Problem: The expected output is the full data, repeated exactly, without pictures.

Extracted information:
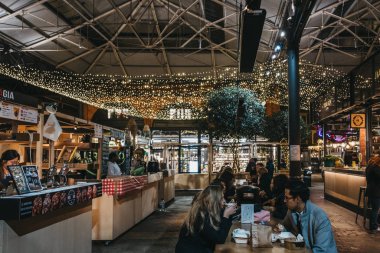 London, UK - November 29, 2019: People and stalls inside Spitalfields Market, one of the finest Victorian Market Halls in London with stalls offering fashion, antiques and food. Selective focus.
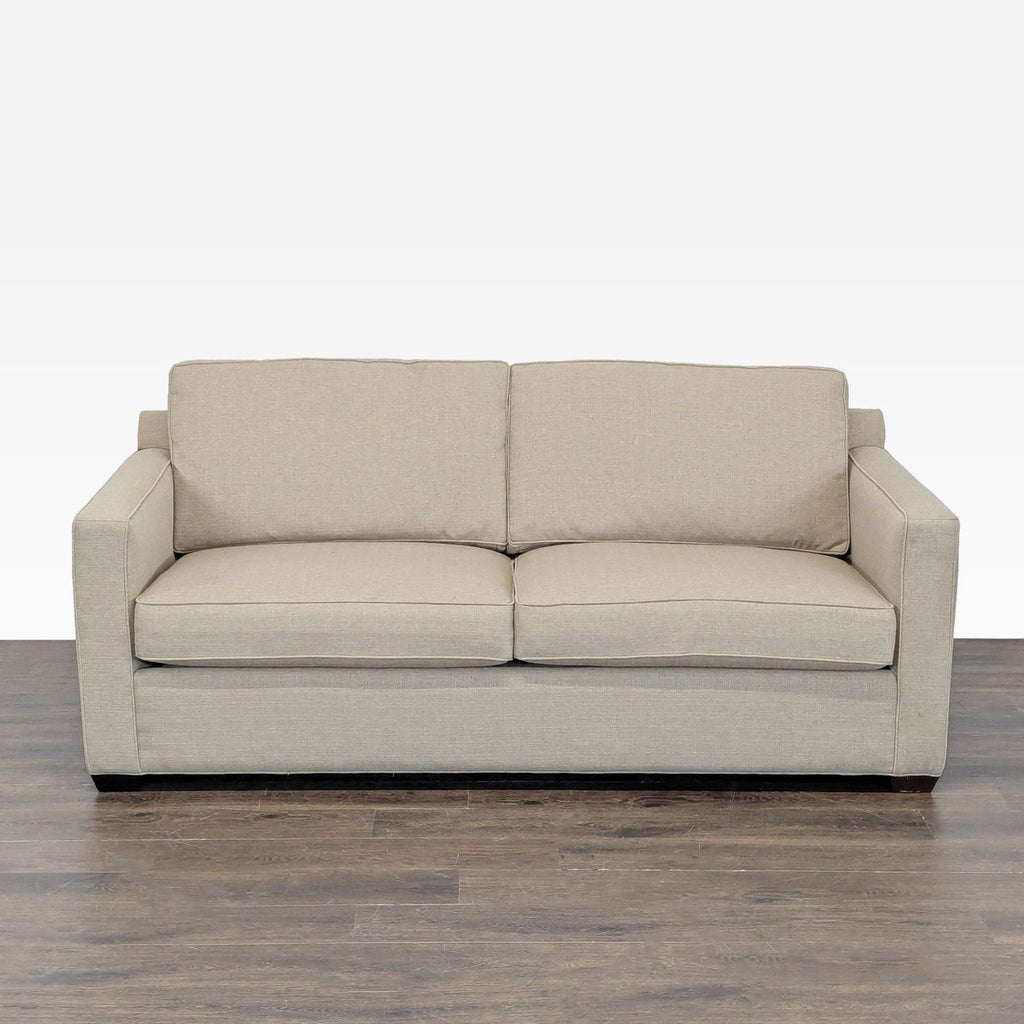 Crate & Barrel beige sleeper sofa with straight arms, offering modern style and converts into a bed for guests.  
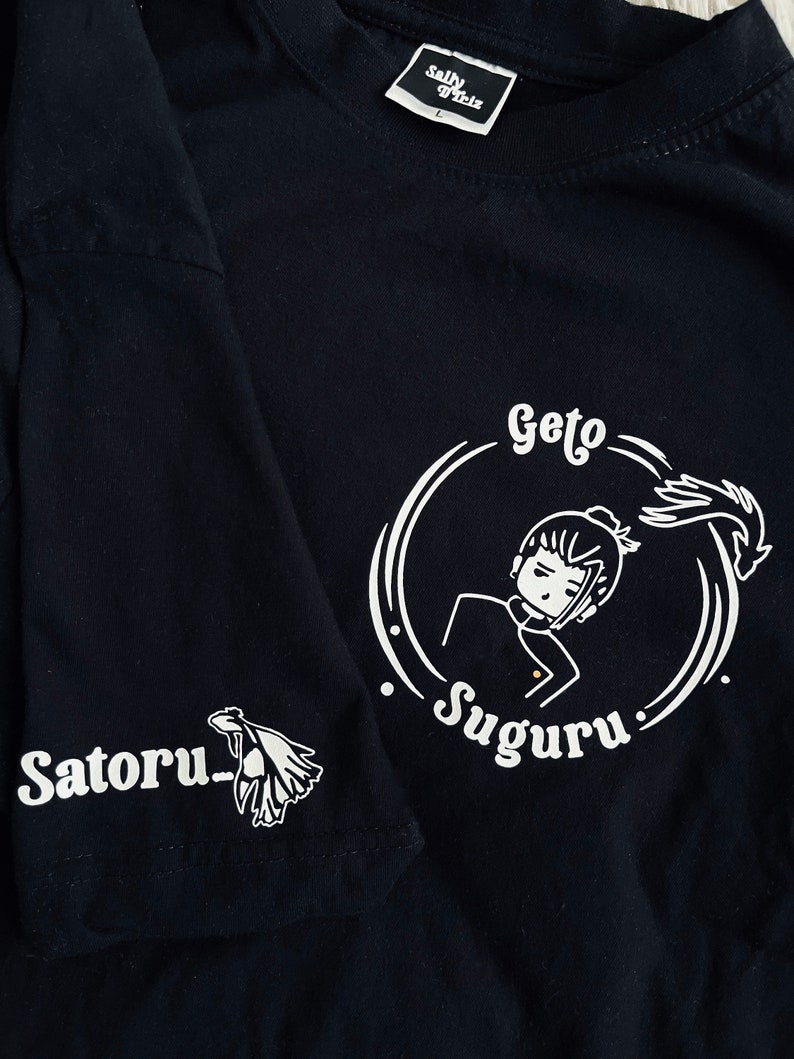 Op de afbeelding: Zwart T-shirt met een witte afbeelding van een personage met de tekst "Geto Suguru" en "Satoru" op de mouw.
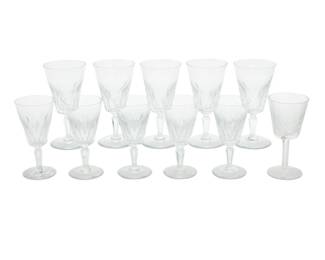 1009 A group of ten Baccarat glass 'Carcassonne' stems 20th century Each etched with factory marks; one marked for Waterford Comprising: 5 tall water goblets (7") 5 claret wine glasses (5.875") Together with one Waterford wine glass (6") 11 pieces total Estimate: $200 - $300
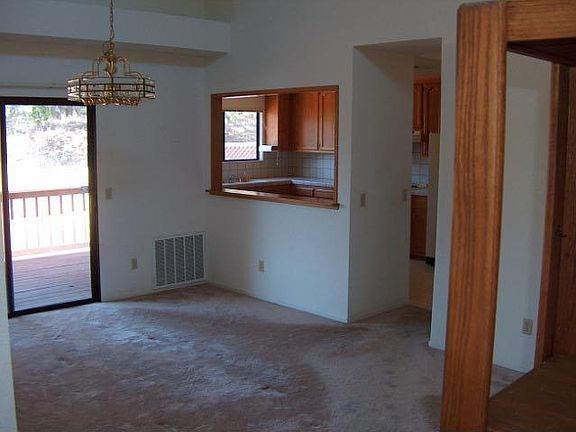 Looking through dining room to kitchen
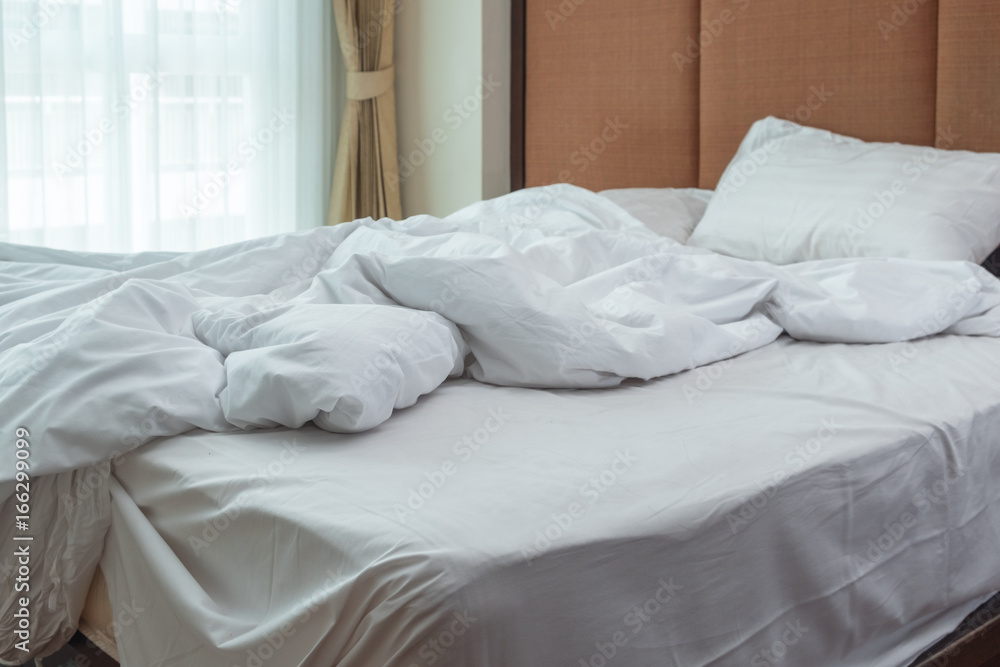 Morning sunlight falling on the bed with a crumpled bedding sheets and pillow through the window. Unmade bed with 3 white pillows and duvet after waking up on wooden background. Messy bed concept Morning sunlight falling on the bed with a crumpled bedding sheets and pillow through the window. Unmade bed with 3 white pillows and duvet after waking up on wooden background. Messy bed concept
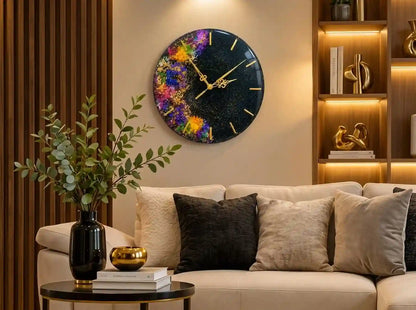A round wall clock with a colorful cosmic paint-splatter design on a black background, featuring gold-tone hands, mounted on a beige wall above a modern sofa in a styled living room.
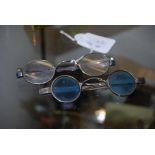 PAIR OF ANTIQUE SILVER SPECTACLES, TOGETHER WITH A PAIR OF WHITE METAL SPECTACLES WITH BLUE TINTED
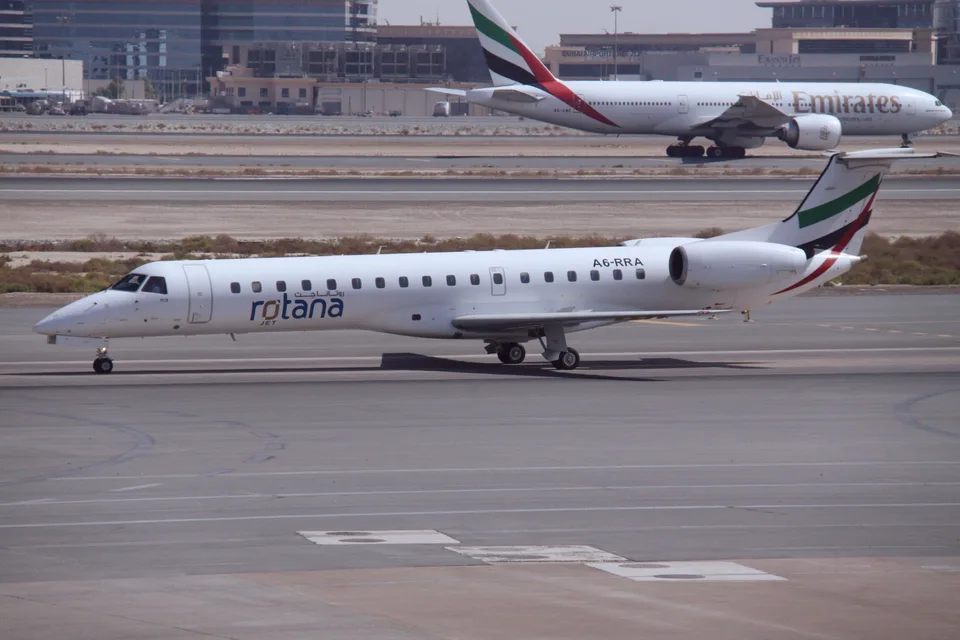 Rotana Jet Embraer A6-RRA taxiing at Dubai International Airport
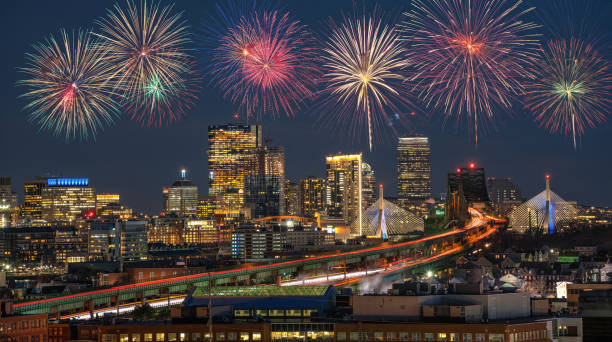 istock Multicolor Firework Celebration over Scene of Boston skyline which can see Zakim Bridge and Tobin Bridge with express way over the Boston Cityscape, 4th of July and Independence day concept 1165855782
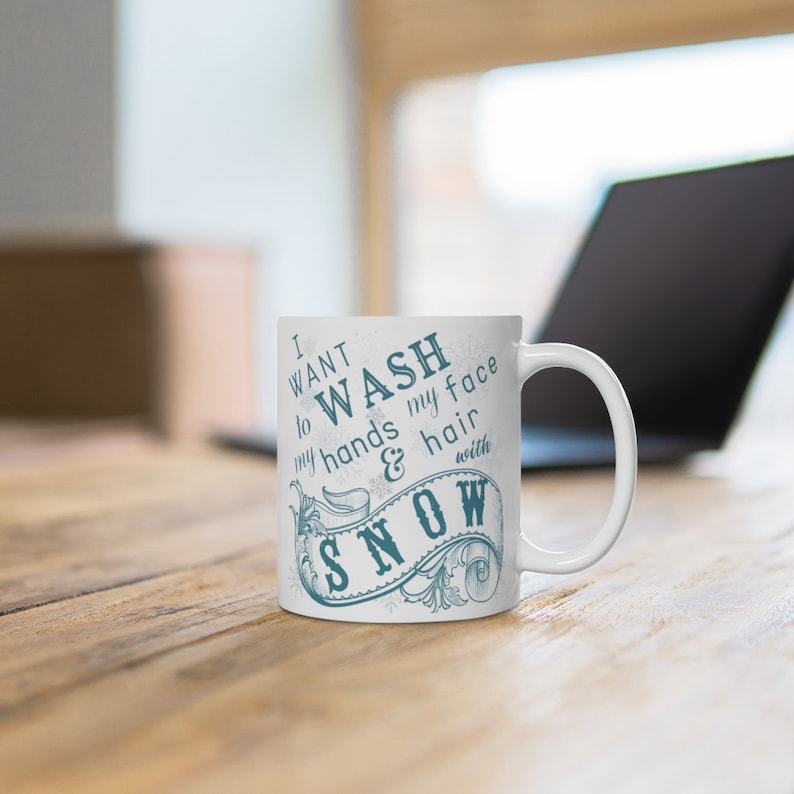 May include: White ceramic mug with a blue design that says "I want to wash my hands & hair with snow".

Result of this exercise:
 London, UK - November 29, 2019: People and stalls inside Spitalfields Market, one of the finest Victorian Market Halls in London with stalls offering fashion, antiques and food. Selective focus.
 Crate & Barrel beige sleeper sofa with straight arms, offering modern style and converts into a bed for guests.  
 Op de afbeelding: Zwart T-shirt met een witte afbeelding van een personage met de tekst "Geto Suguru" en "Satoru" op de mouw.
 1009 A group of ten Baccarat glass 'Carcassonne' stems 20th century Each etched with factory marks; one marked for Waterford Comprising: 5 tall water goblets (7") 5 claret wine glasses (5.875") Together with one Waterford wine glass (6") 11 pieces total Estimate: $200 - $300
 Looking through dining room to kitchen
 Morning sunlight falling on the bed with a crumpled bedding sheets and pillow through the window. Unmade bed with 3 white pillows and duvet after waking up on wooden background. Messy bed concept Morning sunlight falling on the bed with a crumpled bedding sheets and pillow through the window. Unmade bed with 3 white pillows and duvet after waking up on wooden background. Messy bed concept
A round wall clock with a colorful cosmic paint-splatter design on a black background, featuring gold-tone hands, mounted on a beige wall above a modern sofa in a styled living room.
 PAIR OF ANTIQUE SILVER SPECTACLES, TOGETHER WITH A PAIR OF WHITE METAL SPECTACLES WITH BLUE TINTED
 Rotana Jet Embraer A6-RRA taxiing at Dubai International Airport
 istock Multicolor Firework Celebration over Scene of Boston skyline which can see Zakim Bridge and Tobin Bridge with express way over the Boston Cityscape, 4th of July and Independence day concept 1165855782
 May include: White ceramic mug with a blue design that says "I want to wash my hands & hair with snow".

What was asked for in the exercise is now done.